Truck Industry Predicts Exodus if License Fees Rise
By DAVID GREENBERG
Assembly Speaker Herb Wesson's bill to restore vehicle license fees to 1998 levels already has a vocal opponent and it's not the anti-tax faction of the legislature.
The state's trucking industry argues that the bill, introduced last week to help reduce the state's $26 billion budget deficit, will actually result in a loss of fees from truckers who will continue their mass exodus to states with lower operating costs.
Truck companies and independent owner-operators can register their vehicles in any state they operate in while continuing to haul freight through California.
The real shortfall, said Stephanie Williams, vice president of the California Trucking Association, would come as truckers leave in droves. "We'd like to see California truckers be able to afford California, not be priced out because they can't compete," she said.
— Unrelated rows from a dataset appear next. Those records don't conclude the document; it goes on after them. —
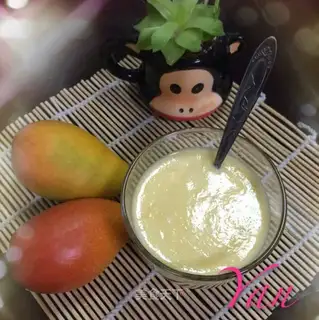 Lighten the mango shake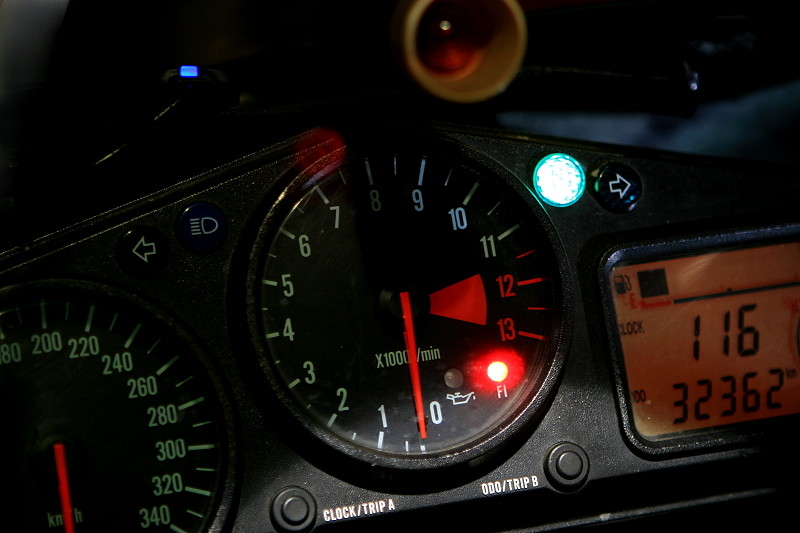 ZX-12R 自己診断コード : SECRET BASE RACING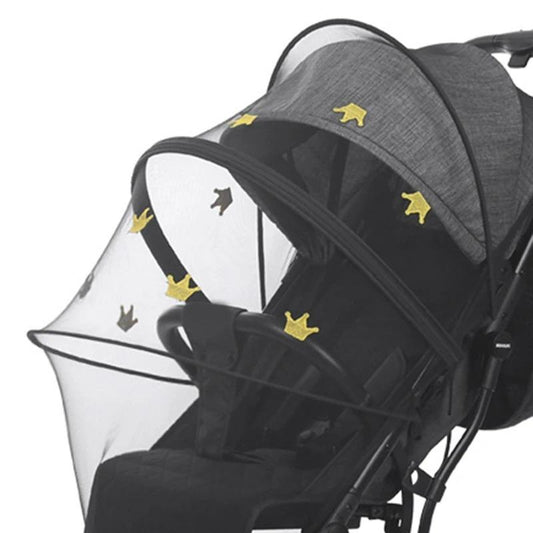 Stroller Mosquito Net Full Cover Universal Baby Stroller Mosquito Net
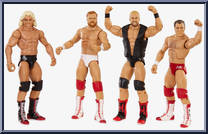 Four Horsemen (Class of 2012) from WWE Elite Hall of Fame - Box Sets manufactured by Mattel [Loose]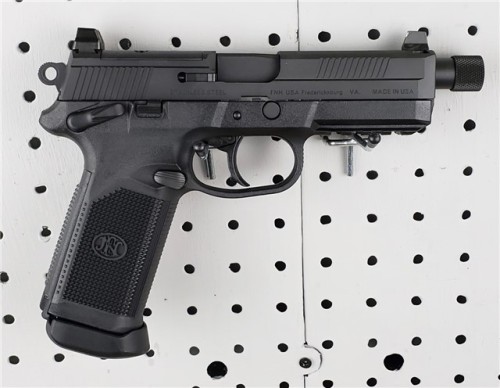 FN FNX-45 TacticalThe fully-equipped version of the FNX-45, the...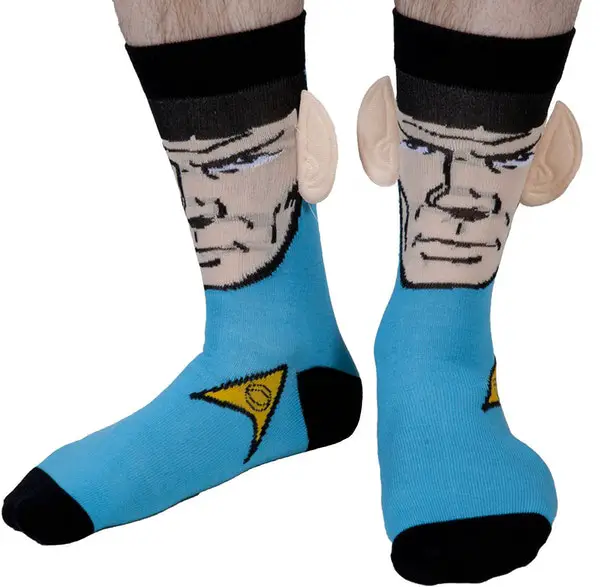 Spock Socks With Ears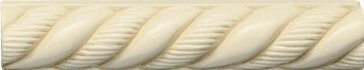 Бордюр (3x15) Trc 251 Torciglione Crema - Broadway з колекції Broadway Horus Art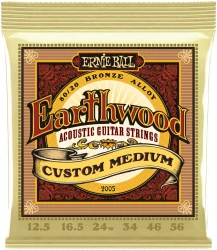 Ernie Ball 2005 Earthwood 80/20 Bronze Custom Medium 12.5/56 в Москве c доставкой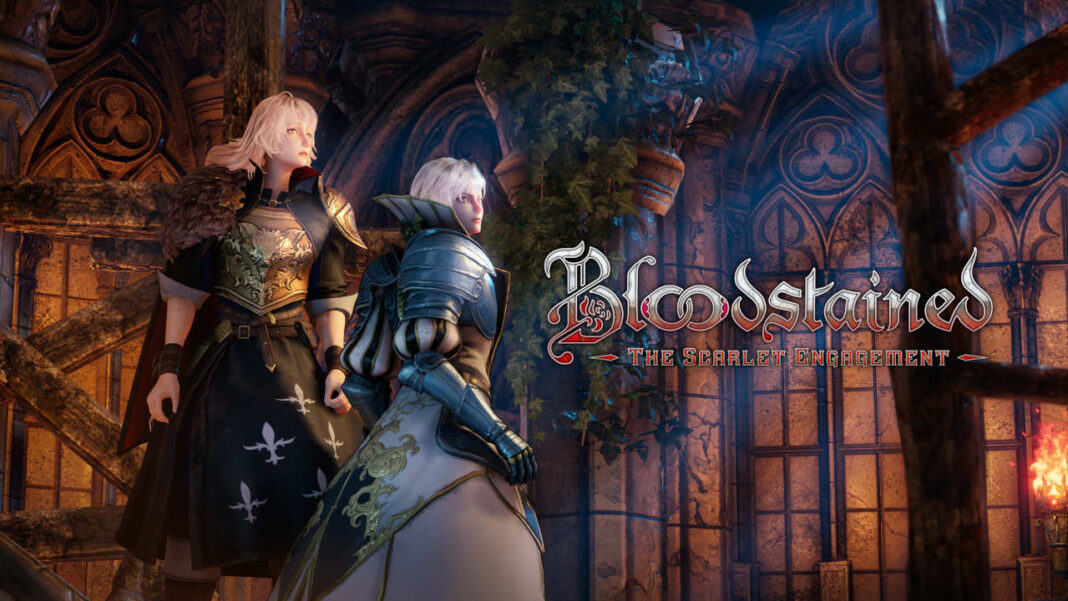 Bloodstained: The Scarlet Engagement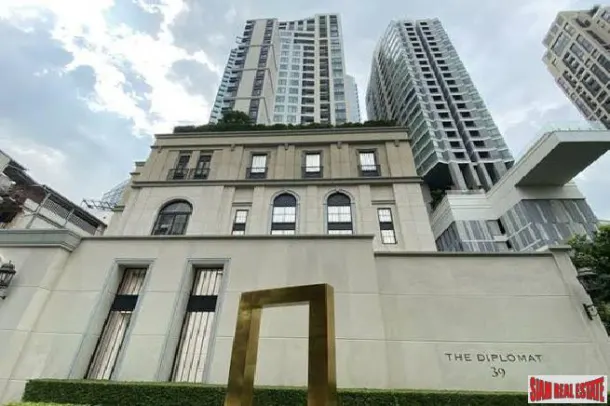 1-bed Condo for rent in Phrom Phong — 1-bedroom condo · Phrom Phong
Between 2000 and 2002, 250,000 trucks had their registration shifted out of state, she said. There are 390,000 trucks registered in the state, while another 1.3 million registered out of state haul goods throughout California.
Wesson, a Culver City Democrat, wants annual fees to increase to 2 percent of the value of a vehicle, up from the current .68 percent, to prevent massive layoffs of public safety personnel.
"The speaker does not like raising the VLF, but it's a small price to pay to keep firefighters and police on our streets," said Patricia Soto, Wesson's press secretary.
If approved, truck owners would pay $2,000, up from $675, for a new truck valued at $100,000. For a used vehicle costing $10,000, the fee would rise to $400, from $135.
Different segments of the industry would be hit in different ways: general freight operators would be at a competitive disadvantage to out-of-state operations paying lower fees, while intrastate drivers serving West Coast ports who are paid by the load would be unable pass on the additional costs.
"It's going to hit the port truckers the hardest because they get paid by the load," said Williams. "They are not in competition but that can't pass (increased fees) on. The shippers won't pay it."
Drivers serving the Ports of L.A. and Long Beach make as little as $50 per load to haul a container to a warehouse facility in Ontario.
While owner-operators might generate $70,000 annually, Williams said the pre-tax take-home pay can amount to as little as $30,000 after insurance, fuel and maintenance costs are factored in.